With the exception of Shaftesbury, none of the moralists we have been examining was English. In fact, the English are in as short supply among this group as they are in the ranks of so-called English literary modernism. Almost all of the thinkers we have been discussing stemmed from the Gaelic margins of the metropolitan nation, a fact that may not be insignificant. Gaels like Burke, Hume, Hutcheson, Smith, Fordyce and Ferguson, along with figures like Goldsmith, Steele, Brooke and Sterne who were born in Ireland or of part-Gaelic provenance, were no doubt more inclined to the cult of sentiment and benevolence than their Anglo-Saxon counter-parts. This is not because Gaels are genetically more genial than the English, but because Scotland and Ireland both had powerful traditions of clan- or community-based allegiances.

It is true that kinship structures, binding customs, unwritten obligations and so-called moral economy had long been under siege in both nations from a colonially imposed system of contractual relations and possessive individualism. But aspects of this traditional way of life survived precariously alongside more modem institutions, and in the political militancy of
small tenants, crofters and labourers could offer such modernity some ferocious resistance throughout the Age of Reason.

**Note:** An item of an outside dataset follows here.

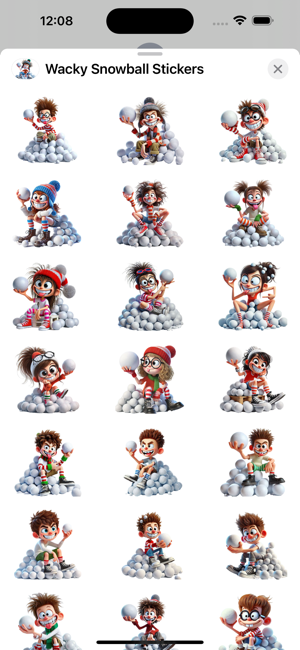 Wacky Snowball StickersiPhone版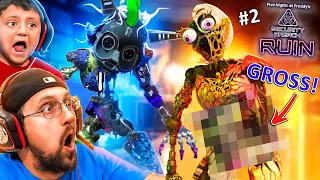 Ayo, Chica Is Gross!! FNAF Security Breach: RUIN - Never Ending DLC #2 (FGTeeV)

From Terry Eagleton (2008) Trouble with Strangers, p. 77.

The first section of this book explores Sentimentalism, also known as Moral Sense Theory. Moral sentimentalists argue against the theory that human motivation is based on self-interest but also deny that morality can be derived from pure reason. Instead they hold the position that morality and altruism are based in sentiment: in the feelings human beings have for one another and their concern for each others welfare.

Of the names Eagleton mentions, Burke, Hutcheson, Goldsmith, Steele,Brooke and Sterne are Irish-born (all links to the Irish Compendium of Biography, 1878). How happy the Scottish philosophers Hume, Smith, Fordyce and Ferguson would be to be called “Gaels”, I am not entirely sure.